◆ Task objective: Go through the lines below and transcribe each one exactly.

▽

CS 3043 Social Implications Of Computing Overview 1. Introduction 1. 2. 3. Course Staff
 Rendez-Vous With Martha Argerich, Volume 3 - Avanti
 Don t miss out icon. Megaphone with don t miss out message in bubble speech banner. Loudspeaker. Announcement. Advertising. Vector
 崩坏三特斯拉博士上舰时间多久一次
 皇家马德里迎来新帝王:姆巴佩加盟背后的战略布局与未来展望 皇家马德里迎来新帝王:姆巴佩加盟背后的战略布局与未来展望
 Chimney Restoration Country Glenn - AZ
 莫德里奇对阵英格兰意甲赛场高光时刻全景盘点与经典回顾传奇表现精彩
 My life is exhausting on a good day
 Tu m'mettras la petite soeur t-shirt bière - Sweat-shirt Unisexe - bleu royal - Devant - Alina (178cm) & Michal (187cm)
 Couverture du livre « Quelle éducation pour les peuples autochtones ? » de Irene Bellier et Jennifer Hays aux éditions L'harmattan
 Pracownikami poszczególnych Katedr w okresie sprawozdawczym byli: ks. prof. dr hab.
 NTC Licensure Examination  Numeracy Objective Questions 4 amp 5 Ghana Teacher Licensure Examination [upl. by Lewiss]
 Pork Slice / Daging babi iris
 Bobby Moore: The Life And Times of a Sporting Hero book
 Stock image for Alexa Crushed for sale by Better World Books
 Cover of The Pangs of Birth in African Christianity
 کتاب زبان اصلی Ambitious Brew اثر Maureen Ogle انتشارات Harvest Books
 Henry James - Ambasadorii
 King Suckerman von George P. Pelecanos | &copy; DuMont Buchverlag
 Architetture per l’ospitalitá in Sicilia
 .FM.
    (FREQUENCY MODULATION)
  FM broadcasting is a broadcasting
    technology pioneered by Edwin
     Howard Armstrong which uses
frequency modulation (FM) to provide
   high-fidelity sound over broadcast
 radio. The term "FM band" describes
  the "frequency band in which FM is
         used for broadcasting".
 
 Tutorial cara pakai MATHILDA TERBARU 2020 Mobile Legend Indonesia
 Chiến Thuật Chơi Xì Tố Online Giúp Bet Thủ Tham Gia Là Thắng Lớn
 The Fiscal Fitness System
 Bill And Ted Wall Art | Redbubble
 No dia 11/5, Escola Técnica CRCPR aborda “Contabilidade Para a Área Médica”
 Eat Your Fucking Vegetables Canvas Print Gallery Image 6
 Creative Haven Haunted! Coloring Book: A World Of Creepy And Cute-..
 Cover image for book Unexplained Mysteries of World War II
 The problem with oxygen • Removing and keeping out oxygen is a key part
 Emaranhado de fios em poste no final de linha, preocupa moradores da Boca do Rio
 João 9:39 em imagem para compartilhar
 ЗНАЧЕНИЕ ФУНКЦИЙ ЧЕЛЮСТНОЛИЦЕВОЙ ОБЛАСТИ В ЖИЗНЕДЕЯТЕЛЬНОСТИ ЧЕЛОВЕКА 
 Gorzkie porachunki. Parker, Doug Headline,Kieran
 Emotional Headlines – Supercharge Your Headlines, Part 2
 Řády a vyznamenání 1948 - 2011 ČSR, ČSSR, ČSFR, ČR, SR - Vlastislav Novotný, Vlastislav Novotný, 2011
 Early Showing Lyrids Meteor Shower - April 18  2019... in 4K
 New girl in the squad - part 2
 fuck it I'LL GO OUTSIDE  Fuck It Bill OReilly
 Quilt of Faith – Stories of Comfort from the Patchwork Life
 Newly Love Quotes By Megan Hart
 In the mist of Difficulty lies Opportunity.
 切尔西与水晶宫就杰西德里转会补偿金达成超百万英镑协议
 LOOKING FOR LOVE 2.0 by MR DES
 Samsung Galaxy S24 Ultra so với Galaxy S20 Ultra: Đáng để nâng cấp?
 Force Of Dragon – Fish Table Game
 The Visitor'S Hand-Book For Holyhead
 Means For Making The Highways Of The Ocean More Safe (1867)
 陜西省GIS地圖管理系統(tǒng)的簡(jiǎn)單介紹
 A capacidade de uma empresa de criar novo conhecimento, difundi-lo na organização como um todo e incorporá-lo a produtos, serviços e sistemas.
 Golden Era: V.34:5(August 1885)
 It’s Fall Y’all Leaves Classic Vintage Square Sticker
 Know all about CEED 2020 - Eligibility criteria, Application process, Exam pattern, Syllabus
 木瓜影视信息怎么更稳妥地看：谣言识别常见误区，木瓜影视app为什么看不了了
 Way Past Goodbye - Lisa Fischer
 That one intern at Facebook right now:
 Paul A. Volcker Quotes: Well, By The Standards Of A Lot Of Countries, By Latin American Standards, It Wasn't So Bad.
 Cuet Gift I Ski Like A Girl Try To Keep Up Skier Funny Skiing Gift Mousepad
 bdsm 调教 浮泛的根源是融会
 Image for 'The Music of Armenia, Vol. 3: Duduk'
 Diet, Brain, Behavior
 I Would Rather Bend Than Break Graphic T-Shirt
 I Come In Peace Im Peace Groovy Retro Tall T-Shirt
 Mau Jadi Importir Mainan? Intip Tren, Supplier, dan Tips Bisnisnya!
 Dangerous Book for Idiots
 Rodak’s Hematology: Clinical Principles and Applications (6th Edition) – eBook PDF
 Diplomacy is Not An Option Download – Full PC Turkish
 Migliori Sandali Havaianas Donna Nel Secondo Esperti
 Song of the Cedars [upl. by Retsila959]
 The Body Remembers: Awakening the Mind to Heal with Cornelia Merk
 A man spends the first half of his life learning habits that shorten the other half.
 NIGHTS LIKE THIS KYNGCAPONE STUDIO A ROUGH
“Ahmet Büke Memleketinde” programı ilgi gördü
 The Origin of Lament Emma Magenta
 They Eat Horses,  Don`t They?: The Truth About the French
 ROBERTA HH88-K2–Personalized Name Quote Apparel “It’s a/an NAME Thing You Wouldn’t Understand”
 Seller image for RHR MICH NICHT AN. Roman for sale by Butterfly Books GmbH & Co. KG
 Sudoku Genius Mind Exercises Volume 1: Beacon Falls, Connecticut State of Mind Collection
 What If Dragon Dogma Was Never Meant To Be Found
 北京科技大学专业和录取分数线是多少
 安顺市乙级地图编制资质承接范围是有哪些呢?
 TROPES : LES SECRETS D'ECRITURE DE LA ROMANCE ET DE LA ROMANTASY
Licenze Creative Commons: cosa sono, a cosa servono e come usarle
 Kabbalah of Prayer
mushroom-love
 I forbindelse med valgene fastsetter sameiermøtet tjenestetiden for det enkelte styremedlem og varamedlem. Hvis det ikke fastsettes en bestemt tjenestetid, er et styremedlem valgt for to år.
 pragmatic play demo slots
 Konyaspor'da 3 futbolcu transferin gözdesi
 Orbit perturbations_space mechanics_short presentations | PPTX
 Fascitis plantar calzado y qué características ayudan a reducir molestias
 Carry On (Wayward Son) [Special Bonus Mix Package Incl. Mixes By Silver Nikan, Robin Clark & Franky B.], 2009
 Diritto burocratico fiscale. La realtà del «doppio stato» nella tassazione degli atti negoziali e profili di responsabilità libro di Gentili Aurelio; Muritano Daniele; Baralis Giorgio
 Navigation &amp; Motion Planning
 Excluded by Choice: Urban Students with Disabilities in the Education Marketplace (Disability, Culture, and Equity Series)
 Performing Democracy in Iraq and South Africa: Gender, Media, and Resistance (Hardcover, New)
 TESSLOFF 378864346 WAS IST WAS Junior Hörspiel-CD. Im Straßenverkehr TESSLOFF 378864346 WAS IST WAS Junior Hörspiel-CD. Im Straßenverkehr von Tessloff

△

◆ Output for this exercise:
CS 3043 Social Implications Of Computing Overview 1. Introduction 1. 2. 3. Course Staff
 Rendez-Vous With Martha Argerich, Volume 3 - Avanti
 Don t miss out icon. Megaphone with don t miss out message in bubble speech banner. Loudspeaker. Announcement. Advertising. Vector
 崩坏三特斯拉博士上舰时间多久一次
 皇家马德里迎来新帝王:姆巴佩加盟背后的战略布局与未来展望 皇家马德里迎来新帝王:姆巴佩加盟背后的战略布局与未来展望
 Chimney Restoration Country Glenn - AZ
 莫德里奇对阵英格兰意甲赛场高光时刻全景盘点与经典回顾传奇表现精彩
 My life is exhausting on a good day
 Tu m'mettras la petite soeur t-shirt bière - Sweat-shirt Unisexe - bleu royal - Devant - Alina (178cm) & Michal (187cm)
 Couverture du livre « Quelle éducation pour les peuples autochtones ? » de Irene Bellier et Jennifer Hays aux éditions L'harmattan
 Pracownikami poszczególnych Katedr w okresie sprawozdawczym byli: ks. prof. dr hab.
 NTC Licensure Examination  Numeracy Objective Questions 4 amp 5 Ghana Teacher Licensure Examination [upl. by Lewiss]
 Pork Slice / Daging babi iris
 Bobby Moore: The Life And Times of a Sporting Hero book
 Stock image for Alexa Crushed for sale by Better World Books
 Cover of The Pangs of Birth in African Christianity
 کتاب زبان اصلی Ambitious Brew اثر Maureen Ogle انتشارات Harvest Books
 Henry James - Ambasadorii
 King Suckerman von George P. Pelecanos | &copy; DuMont Buchverlag
 Architetture per l’ospitalitá in Sicilia
 .FM.
    (FREQUENCY MODULATION)
  FM broadcasting is a broadcasting
    technology pioneered by Edwin
     Howard Armstrong which uses
frequency modulation (FM) to provide
   high-fidelity sound over broadcast
 radio. The term "FM band" describes
  the "frequency band in which FM is
         used for broadcasting".
 
 Tutorial cara pakai MATHILDA TERBARU 2020 Mobile Legend Indonesia
 Chiến Thuật Chơi Xì Tố Online Giúp Bet Thủ Tham Gia Là Thắng Lớn
 The Fiscal Fitness System
 Bill And Ted Wall Art | Redbubble
 No dia 11/5, Escola Técnica CRCPR aborda “Contabilidade Para a Área Médica”
 Eat Your Fucking Vegetables Canvas Print Gallery Image 6
 Creative Haven Haunted! Coloring Book: A World Of Creepy And Cute-..
 Cover image for book Unexplained Mysteries of World War II
 The problem with oxygen • Removing and keeping out oxygen is a key part
 Emaranhado de fios em poste no final de linha, preocupa moradores da Boca do Rio
 João 9:39 em imagem para compartilhar
 ЗНАЧЕНИЕ ФУНКЦИЙ ЧЕЛЮСТНОЛИЦЕВОЙ ОБЛАСТИ В ЖИЗНЕДЕЯТЕЛЬНОСТИ ЧЕЛОВЕКА 
 Gorzkie porachunki. Parker, Doug Headline,Kieran
 Emotional Headlines – Supercharge Your Headlines, Part 2
 Řády a vyznamenání 1948 - 2011 ČSR, ČSSR, ČSFR, ČR, SR - Vlastislav Novotný, Vlastislav Novotný, 2011
 Early Showing Lyrids Meteor Shower - April 18  2019... in 4K
 New girl in the squad - part 2
 fuck it I'LL GO OUTSIDE  Fuck It Bill OReilly
 Quilt of Faith – Stories of Comfort from the Patchwork Life
 Newly Love Quotes By Megan Hart
 In the mist of Difficulty lies Opportunity.
 切尔西与水晶宫就杰西德里转会补偿金达成超百万英镑协议
 LOOKING FOR LOVE 2.0 by MR DES
 Samsung Galaxy S24 Ultra so với Galaxy S20 Ultra: Đáng để nâng cấp?
 Force Of Dragon – Fish Table Game
 The Visitor'S Hand-Book For Holyhead
 Means For Making The Highways Of The Ocean More Safe (1867)
 陜西省GIS地圖管理系統(tǒng)的簡(jiǎn)單介紹
 A capacidade de uma empresa de criar novo conhecimento, difundi-lo na organização como um todo e incorporá-lo a produtos, serviços e sistemas.
 Golden Era: V.34:5(August 1885)
 It’s Fall Y’all Leaves Classic Vintage Square Sticker
 Know all about CEED 2020 - Eligibility criteria, Application process, Exam pattern, Syllabus
 木瓜影视信息怎么更稳妥地看：谣言识别常见误区，木瓜影视app为什么看不了了
 Way Past Goodbye - Lisa Fischer
 That one intern at Facebook right now:
 Paul A. Volcker Quotes: Well, By The Standards Of A Lot Of Countries, By Latin American Standards, It Wasn't So Bad.
 Cuet Gift I Ski Like A Girl Try To Keep Up Skier Funny Skiing Gift Mousepad
 bdsm 调教 浮泛的根源是融会
 Image for 'The Music of Armenia, Vol. 3: Duduk'
 Diet, Brain, Behavior
 I Would Rather Bend Than Break Graphic T-Shirt
 I Come In Peace Im Peace Groovy Retro Tall T-Shirt
 Mau Jadi Importir Mainan? Intip Tren, Supplier, dan Tips Bisnisnya!
 Dangerous Book for Idiots
 Rodak’s Hematology: Clinical Principles and Applications (6th Edition) – eBook PDF
 Diplomacy is Not An Option Download – Full PC Turkish
 Migliori Sandali Havaianas Donna Nel Secondo Esperti
 Song of the Cedars [upl. by Retsila959]
 The Body Remembers: Awakening the Mind to Heal with Cornelia Merk
 A man spends the first half of his life learning habits that shorten the other half.
 NIGHTS LIKE THIS KYNGCAPONE STUDIO A ROUGH
“Ahmet Büke Memleketinde” programı ilgi gördü
 The Origin of Lament Emma Magenta
 They Eat Horses,  Don`t They?: The Truth About the French
 ROBERTA HH88-K2–Personalized Name Quote Apparel “It’s a/an NAME Thing You Wouldn’t Understand”
 Seller image for RHR MICH NICHT AN. Roman for sale by Butterfly Books GmbH & Co. KG
 Sudoku Genius Mind Exercises Volume 1: Beacon Falls, Connecticut State of Mind Collection
 What If Dragon Dogma Was Never Meant To Be Found
 北京科技大学专业和录取分数线是多少
 安顺市乙级地图编制资质承接范围是有哪些呢?
 TROPES : LES SECRETS D'ECRITURE DE LA ROMANCE ET DE LA ROMANTASY
Licenze Creative Commons: cosa sono, a cosa servono e come usarle
 Kabbalah of Prayer
mushroom-love
 I forbindelse med valgene fastsetter sameiermøtet tjenestetiden for det enkelte styremedlem og varamedlem. Hvis det ikke fastsettes en bestemt tjenestetid, er et styremedlem valgt for to år.
 pragmatic play demo slots
 Konyaspor'da 3 futbolcu transferin gözdesi
 Orbit perturbations_space mechanics_short presentations | PPTX
 Fascitis plantar calzado y qué características ayudan a reducir molestias
 Carry On (Wayward Son) [Special Bonus Mix Package Incl. Mixes By Silver Nikan, Robin Clark & Franky B.], 2009
 Diritto burocratico fiscale. La realtà del «doppio stato» nella tassazione degli atti negoziali e profili di responsabilità libro di Gentili Aurelio; Muritano Daniele; Baralis Giorgio
 Navigation &amp; Motion Planning
 Excluded by Choice: Urban Students with Disabilities in the Education Marketplace (Disability, Culture, and Equity Series)
 Performing Democracy in Iraq and South Africa: Gender, Media, and Resistance (Hardcover, New)
 TESSLOFF 378864346 WAS IST WAS Junior Hörspiel-CD. Im Straßenverkehr TESSLOFF 378864346 WAS IST WAS Junior Hörspiel-CD. Im Straßenverkehr von Tessloff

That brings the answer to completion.